**To do:** Determine how many lines in the entries below contain "Photo", and output only that number.

################

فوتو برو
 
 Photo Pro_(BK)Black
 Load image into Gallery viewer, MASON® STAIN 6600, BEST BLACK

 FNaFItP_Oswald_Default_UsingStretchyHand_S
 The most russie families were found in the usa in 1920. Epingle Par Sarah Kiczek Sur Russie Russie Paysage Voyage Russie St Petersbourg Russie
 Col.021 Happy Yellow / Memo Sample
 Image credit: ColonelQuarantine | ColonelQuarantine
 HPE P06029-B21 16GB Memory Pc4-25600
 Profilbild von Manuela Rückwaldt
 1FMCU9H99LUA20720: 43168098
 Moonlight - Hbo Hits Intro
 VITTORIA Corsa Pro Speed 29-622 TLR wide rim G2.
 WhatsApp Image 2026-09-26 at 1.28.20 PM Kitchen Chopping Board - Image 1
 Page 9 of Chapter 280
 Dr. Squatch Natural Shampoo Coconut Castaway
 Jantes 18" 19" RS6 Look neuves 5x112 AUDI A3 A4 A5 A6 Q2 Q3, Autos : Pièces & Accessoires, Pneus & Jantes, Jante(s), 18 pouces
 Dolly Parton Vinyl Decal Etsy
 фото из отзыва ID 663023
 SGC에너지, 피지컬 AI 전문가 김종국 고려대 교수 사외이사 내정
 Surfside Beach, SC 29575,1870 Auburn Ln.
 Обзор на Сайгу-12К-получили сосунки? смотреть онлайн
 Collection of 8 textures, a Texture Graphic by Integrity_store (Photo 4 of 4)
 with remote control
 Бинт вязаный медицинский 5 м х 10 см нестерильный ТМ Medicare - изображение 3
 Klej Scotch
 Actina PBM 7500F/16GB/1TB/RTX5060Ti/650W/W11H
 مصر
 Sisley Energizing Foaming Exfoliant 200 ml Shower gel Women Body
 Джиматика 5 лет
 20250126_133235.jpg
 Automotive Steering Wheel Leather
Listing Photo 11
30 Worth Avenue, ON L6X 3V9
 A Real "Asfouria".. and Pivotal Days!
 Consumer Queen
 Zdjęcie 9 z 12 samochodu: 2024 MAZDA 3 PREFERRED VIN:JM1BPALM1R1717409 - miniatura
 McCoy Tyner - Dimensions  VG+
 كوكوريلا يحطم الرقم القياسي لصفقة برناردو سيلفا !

################

**Written response:** 3